Da ieri sera Antonio Logli si trova in carcere, dove dovrà scontare una condanna a venti anni per uccisione della moglie Roberta Ragusa e distruzione del suo cadavere. E’ stato così accolto dalla Corte di Cassazione di Roma quanto era stato deciso nei processi di primo e secondo grado. “Una sentenza” ci ha detto l’avvocato Carlo Taormina, difensore in casi di primo piano come il delitto di Cogne o, anche se siamo in alto ambito, di Silvio Berlusconi “che si commenta da sola, e che fa ritornare alla mente il vecchio adagio, ‘poca prova poca pena’”. Paradossalmente, ci ha detto, è una pena di poco conto rispetto a quello di cui è accusato Antonio Logli, in sostanza aver ucciso la madre dei propri figli e che visto che è stata accolta questa accusa, “vent’anni di carcere non sono una pena corrispettiva per la gravità del fatto”. Come già detto dal professor Meluzzi ieri sempre al Sussidiario, cioè, si procede a condanne anche in mancanza di quella che Taormina definisce “la prova positiva anche indiziaria che è alla base del nostro ordinamento legale, una cosa che personalmente definisco aberrante”. Risalendo agli inizi della faccenda, ci ha spiegato “siamo partiti da una sentenza a non procedere su signor Logli, cambiata poi dalla Cassazione che ha chiesto fossero riaperte le indagini che invece erano state considerate chiuse dalla Procura”. Va anche ricordato, dice ancora Taormina, che la decisione di non procedere era basata sul fatto che non si era in grado di dire se la signora Logli fosse stata uccisa o meno.
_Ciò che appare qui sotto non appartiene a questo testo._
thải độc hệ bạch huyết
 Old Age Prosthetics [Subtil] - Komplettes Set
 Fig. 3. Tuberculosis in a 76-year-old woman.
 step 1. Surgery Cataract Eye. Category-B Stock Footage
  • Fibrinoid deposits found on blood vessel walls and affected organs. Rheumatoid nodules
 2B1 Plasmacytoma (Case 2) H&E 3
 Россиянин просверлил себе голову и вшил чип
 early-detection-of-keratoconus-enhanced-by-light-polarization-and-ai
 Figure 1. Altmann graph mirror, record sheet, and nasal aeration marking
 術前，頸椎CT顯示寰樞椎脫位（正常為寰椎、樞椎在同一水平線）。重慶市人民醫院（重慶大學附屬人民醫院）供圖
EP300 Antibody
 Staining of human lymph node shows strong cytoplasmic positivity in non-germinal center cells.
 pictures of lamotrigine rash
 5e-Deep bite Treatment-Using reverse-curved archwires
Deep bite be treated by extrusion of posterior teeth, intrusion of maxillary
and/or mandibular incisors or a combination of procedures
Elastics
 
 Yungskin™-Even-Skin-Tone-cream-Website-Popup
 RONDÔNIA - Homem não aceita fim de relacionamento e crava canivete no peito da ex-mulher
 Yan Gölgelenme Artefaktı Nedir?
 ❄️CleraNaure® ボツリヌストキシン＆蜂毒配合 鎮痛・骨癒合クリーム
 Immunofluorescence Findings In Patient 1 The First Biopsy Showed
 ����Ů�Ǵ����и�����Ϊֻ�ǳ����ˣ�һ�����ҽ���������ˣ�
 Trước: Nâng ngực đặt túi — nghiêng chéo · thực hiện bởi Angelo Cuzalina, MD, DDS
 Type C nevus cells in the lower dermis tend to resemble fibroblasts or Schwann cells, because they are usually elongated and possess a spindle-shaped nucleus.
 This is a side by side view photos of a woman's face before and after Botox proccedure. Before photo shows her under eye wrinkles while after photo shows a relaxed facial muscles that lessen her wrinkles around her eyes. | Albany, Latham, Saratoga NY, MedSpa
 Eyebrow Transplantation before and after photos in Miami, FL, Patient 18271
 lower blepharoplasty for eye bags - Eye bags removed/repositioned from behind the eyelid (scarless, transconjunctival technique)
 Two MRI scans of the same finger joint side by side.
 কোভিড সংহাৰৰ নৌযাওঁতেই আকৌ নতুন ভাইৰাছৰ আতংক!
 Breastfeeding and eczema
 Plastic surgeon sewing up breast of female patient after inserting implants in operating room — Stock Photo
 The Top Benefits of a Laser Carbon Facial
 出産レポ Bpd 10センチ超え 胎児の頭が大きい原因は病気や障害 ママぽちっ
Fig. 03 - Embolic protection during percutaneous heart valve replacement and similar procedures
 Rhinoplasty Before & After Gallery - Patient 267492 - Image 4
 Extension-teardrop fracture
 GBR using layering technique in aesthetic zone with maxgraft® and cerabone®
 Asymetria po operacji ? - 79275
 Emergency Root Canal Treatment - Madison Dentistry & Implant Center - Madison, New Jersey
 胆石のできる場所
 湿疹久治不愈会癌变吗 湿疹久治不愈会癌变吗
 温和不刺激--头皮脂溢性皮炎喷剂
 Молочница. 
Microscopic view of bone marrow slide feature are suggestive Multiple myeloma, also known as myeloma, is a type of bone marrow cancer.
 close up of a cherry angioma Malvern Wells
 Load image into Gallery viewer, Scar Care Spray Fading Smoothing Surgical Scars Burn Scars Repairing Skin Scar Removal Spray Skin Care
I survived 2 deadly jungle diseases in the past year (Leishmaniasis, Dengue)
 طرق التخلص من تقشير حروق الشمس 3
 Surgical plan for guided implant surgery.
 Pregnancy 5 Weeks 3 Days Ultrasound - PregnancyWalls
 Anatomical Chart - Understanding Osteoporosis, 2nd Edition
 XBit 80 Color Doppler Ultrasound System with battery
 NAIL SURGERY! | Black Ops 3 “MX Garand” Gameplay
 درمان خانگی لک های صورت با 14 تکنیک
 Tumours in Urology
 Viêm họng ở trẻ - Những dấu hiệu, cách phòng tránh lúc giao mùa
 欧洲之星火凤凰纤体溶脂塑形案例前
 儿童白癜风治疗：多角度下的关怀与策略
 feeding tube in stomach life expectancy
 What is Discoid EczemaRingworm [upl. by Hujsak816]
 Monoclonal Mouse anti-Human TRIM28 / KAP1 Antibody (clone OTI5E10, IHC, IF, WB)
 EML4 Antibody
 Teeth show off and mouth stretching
Questo significa che si è voluti arrivare a tutti i costi a una condanna esemplare? “Tutto il sistema di accusa è basato su alcune testimonianze, in particolare quella del giostraio Loris Gozi, quest’ultima mi pare francamente abbastanza poco per poter dire che sia stata fondamentale”. Quindi? “Ci si è basati ancora una volta sulla base del ‘non potersi escludere che’, in questo caso che ‘il Logli non si può escludere sia colpevole’. Data la situazione complessiva e la mancanza di ragioni utili a dire che cosa possa essere successo ecco che si arriva a sentenze come quella di ieri sera”.

CARLO TAORMINA: “SENTENZA BASATA SUL ‘NON SI PUO’ ESCLUDERE CHE…'”

Taormina cita il caso del processo Silvio Berlusconi, “un caso basato completamente e impostato fino alla sentenza sul ‘non si può escludere che’, cioè che fosse colpevole. Credo che muoversi in questo modo sia aberrante”. Sempre più spesso ultimamente aumentano i casi di condanne nonostante la mancanza del cadavere. In caso ci siano “prove schiaccianti” questo non deve essere considerato un ostacolo alla giustizia, ma in casi come quello di Logli dove invece le prove sono molto fragili? Proprio nelle ultime ore sono state arrestate delle persone ritenute responsabili della morte dell’imprenditrice Maria Chindamo, scomparsa da tre anni: “In assoluto dire che la mancanza del corpo della vittima possa escludere qualsiasi situazione giudiziaria è sbagliato, ma in questo caso e altri, è un presupposto debole fatto per esclusioni più per l’assenza della prova positiva. Il nostro ordinamento ricordiamoci è basato sull’esistenza della prova positiva ancorché indiziaria, elemento fondamentale del regime giudiziario. La mancanza del cadavere in questo caso significa non disporre della certezza dell’uccisione”. E’ quello che è successo nel caso Garlasco, conclude l’avvocato, “di fronte alla necessità di prendere atto che manca la prova positiva della responsabilità dell’imputato si prendono questi compromessi giudiziari”.